119-15 Food Web Shifts Down River Networks: Where Are Predators Supported by Algae, and Why

Thursday, September 8, 2011: 1:30 PM
608 (Washington State Convention Center)
Mary Power , Integrative Biology, University of California, Berkeley, Berkeley, CA
Jacques C. Finlay , Ecology, Evolution and Behavior, University of Minnesota, St Paul, MN
Camille McNeely , Biology, Eastern Washington University, Cheney, WA
Mike Limm , Ecology, Evolution and Behavior, University of Minnesota, St Paul, MN
Collin Bode , Integrative Biology, University of California, Berkeley, Berkeley, CA
Bill Dietrich , Earth and Planetary Science, University of California, Berkeley, Berkeley, CA
Predators in river food webs derive increasing proportions of their carbon and energy from algae as one moves downstream through river networks.  We are studying how the length of the algal-based food chain responds to the interplay of disturbance (bed mobilization) and ecosystem productivity, which both increase downstream with substrate fining, discharge, and channel and valley width.  The major control exerted by these biophysical factors on food webs may be through their impact on predator resistant grazers.

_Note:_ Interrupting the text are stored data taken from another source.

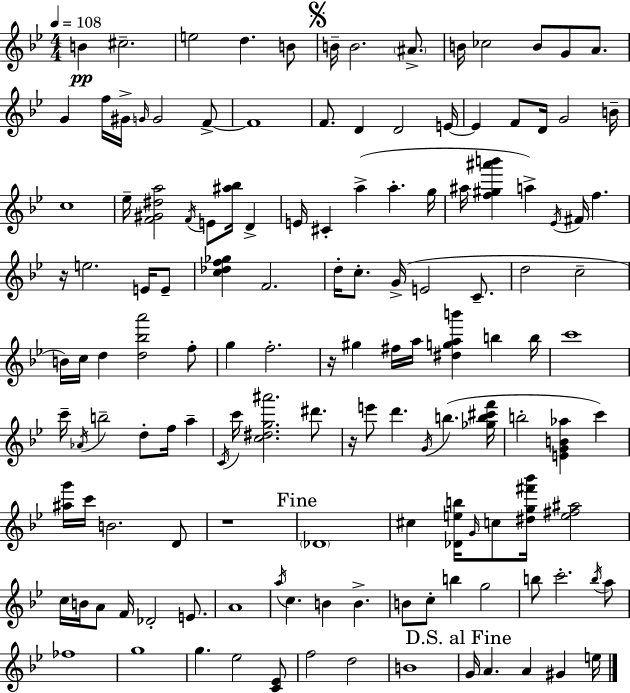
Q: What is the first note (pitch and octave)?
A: B4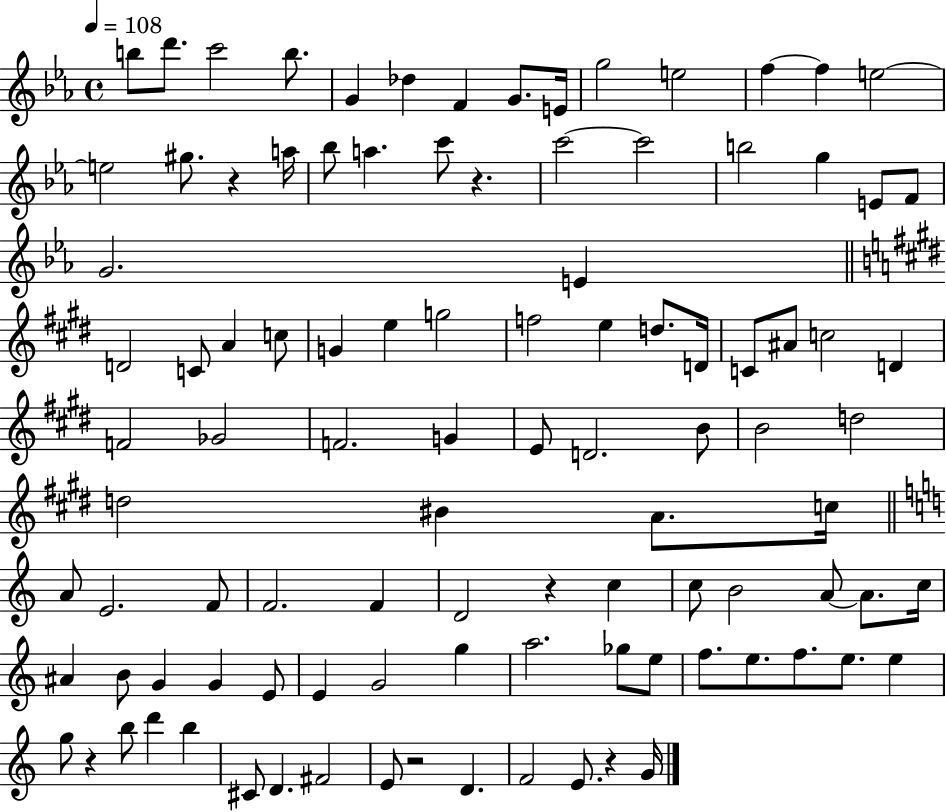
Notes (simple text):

B5/e D6/e. C6/h B5/e. G4/q Db5/q F4/q G4/e. E4/s G5/h E5/h F5/q F5/q E5/h E5/h G#5/e. R/q A5/s Bb5/e A5/q. C6/e R/q. C6/h C6/h B5/h G5/q E4/e F4/e G4/h. E4/q D4/h C4/e A4/q C5/e G4/q E5/q G5/h F5/h E5/q D5/e. D4/s C4/e A#4/e C5/h D4/q F4/h Gb4/h F4/h. G4/q E4/e D4/h. B4/e B4/h D5/h D5/h BIS4/q A4/e. C5/s A4/e E4/h. F4/e F4/h. F4/q D4/h R/q C5/q C5/e B4/h A4/e A4/e. C5/s A#4/q B4/e G4/q G4/q E4/e E4/q G4/h G5/q A5/h. Gb5/e E5/e F5/e. E5/e. F5/e. E5/e. E5/q G5/e R/q B5/e D6/q B5/q C#4/e D4/q. F#4/h E4/e R/h D4/q. F4/h E4/e. R/q G4/s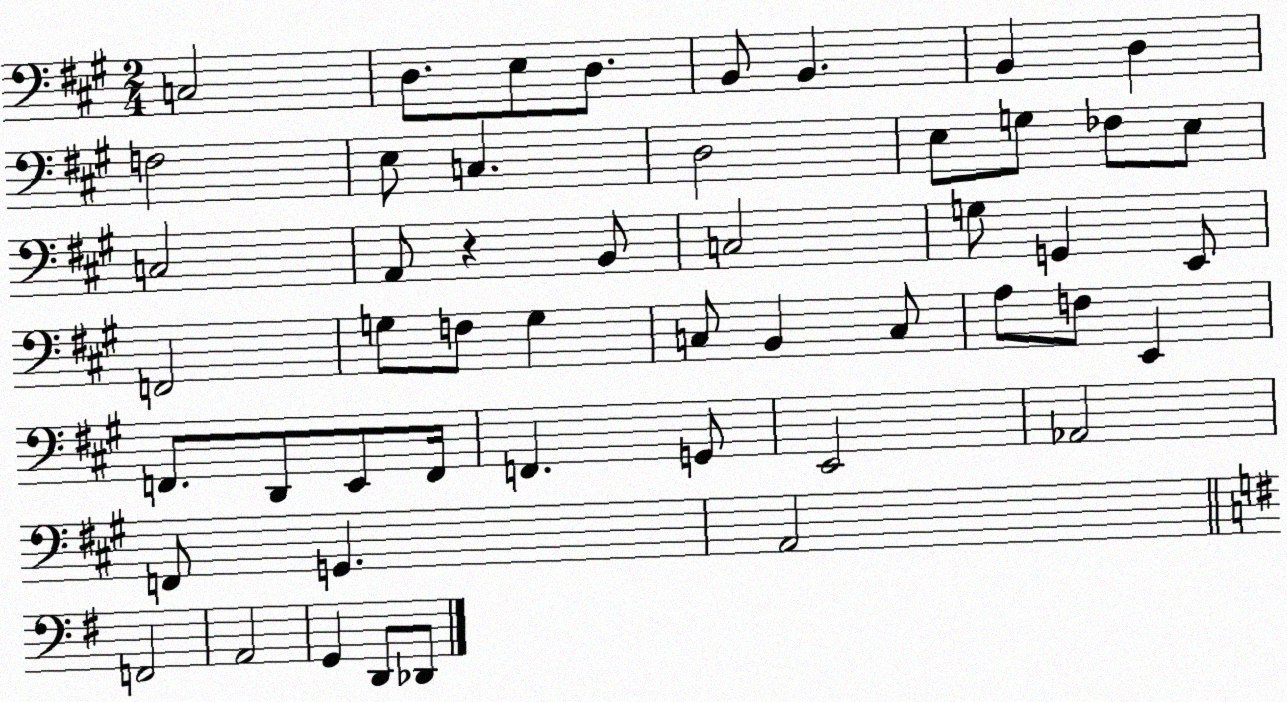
X:1
T:Untitled
M:2/4
L:1/4
K:A
C,2 D,/2 E,/2 D,/2 B,,/2 B,, B,, D, F,2 E,/2 C, D,2 E,/2 G,/2 _F,/2 E,/2 C,2 A,,/2 z B,,/2 C,2 G,/2 G,, E,,/2 F,,2 G,/2 F,/2 G, C,/2 B,, C,/2 A,/2 F,/2 E,, F,,/2 D,,/2 E,,/2 F,,/4 F,, G,,/2 E,,2 _A,,2 F,,/2 G,, A,,2 F,,2 A,,2 G,, D,,/2 _D,,/2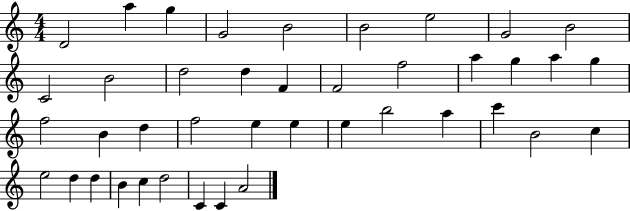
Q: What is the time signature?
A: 4/4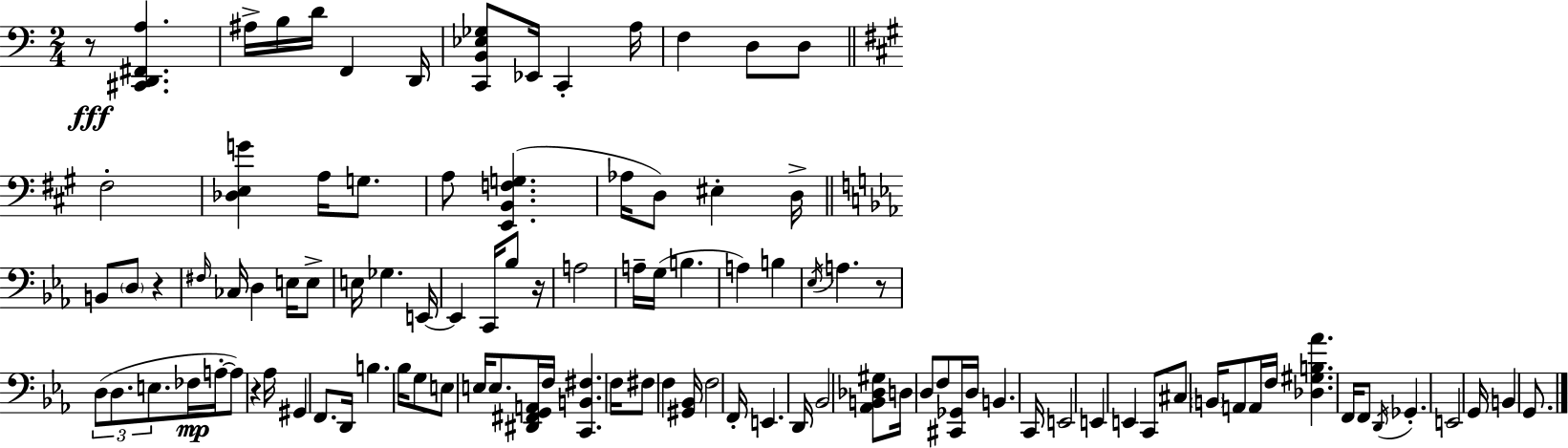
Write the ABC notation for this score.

X:1
T:Untitled
M:2/4
L:1/4
K:Am
z/2 [^C,,D,,^F,,A,] ^A,/4 B,/4 D/4 F,, D,,/4 [C,,B,,_E,_G,]/2 _E,,/4 C,, A,/4 F, D,/2 D,/2 ^F,2 [_D,E,G] A,/4 G,/2 A,/2 [E,,B,,F,G,] _A,/4 D,/2 ^E, D,/4 B,,/2 D,/2 z ^F,/4 _C,/4 D, E,/4 E,/2 E,/4 _G, E,,/4 E,, C,,/4 _B,/2 z/4 A,2 A,/4 G,/4 B, A, B, _E,/4 A, z/2 D,/2 D,/2 E,/2 _F,/4 A,/4 A,/2 z _A,/4 ^G,, F,,/2 D,,/4 B, _B,/4 G,/2 E,/2 E,/4 E,/2 [^D,,^F,,G,,A,,]/4 F,/4 [C,,B,,^F,] F,/4 ^F,/2 F, [^G,,_B,,]/4 F,2 F,,/4 E,, D,,/4 _B,,2 [_A,,B,,_D,^G,]/2 D,/4 D,/2 F,/2 [^C,,_G,,]/4 D,/4 B,, C,,/4 E,,2 E,, E,, C,,/2 ^C,/2 B,,/4 A,,/2 A,,/4 F,/4 [_D,^G,B,_A] F,,/4 F,,/2 D,,/4 _G,, E,,2 G,,/4 B,, G,,/2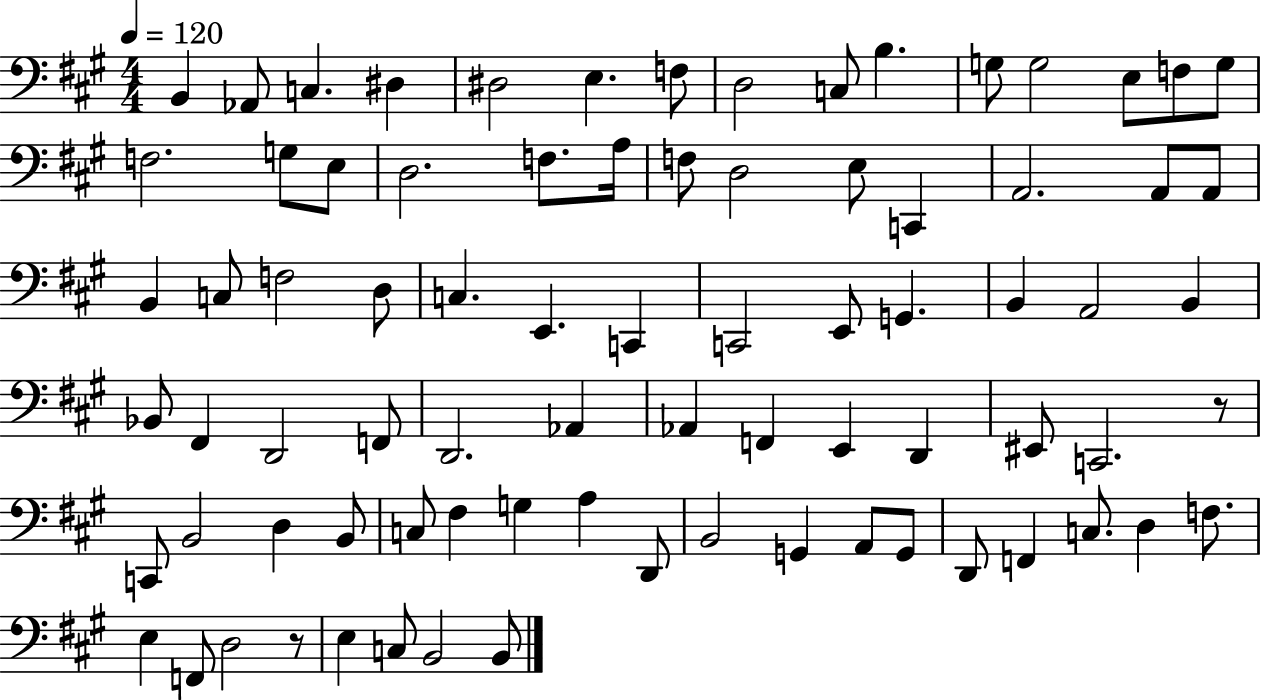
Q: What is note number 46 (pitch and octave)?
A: D2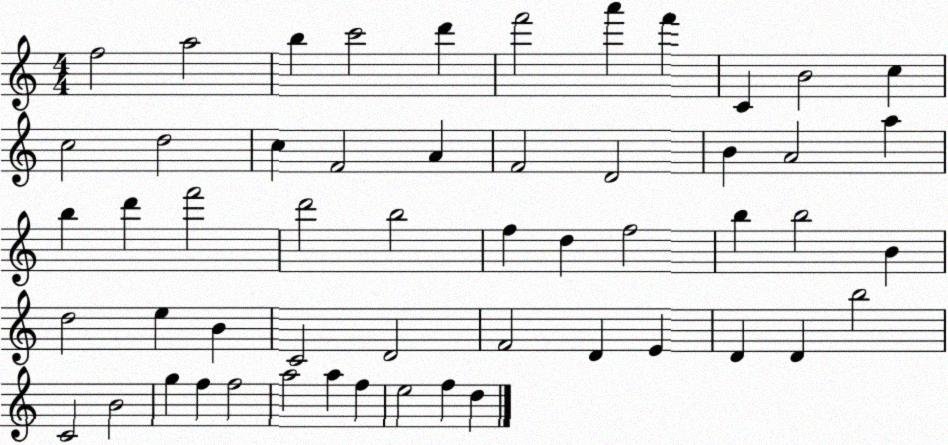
X:1
T:Untitled
M:4/4
L:1/4
K:C
f2 a2 b c'2 d' f'2 a' f' C B2 c c2 d2 c F2 A F2 D2 B A2 a b d' f'2 d'2 b2 f d f2 b b2 B d2 e B C2 D2 F2 D E D D b2 C2 B2 g f f2 a2 a f e2 f d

Disturbance removes armored, defended grazers, releasing resilient grazers from competition for limiting algae for a window of time.   During this time window, predators derive energy indirectly from algae, a superior food resource.  This window of opportunity may open earlier, but close sooner in more productive sunlit habitats downstream, if primary productivity and warmth accelerate recoveries of first vulnerable and then invulnerable primary consumer taxa, following disturbance.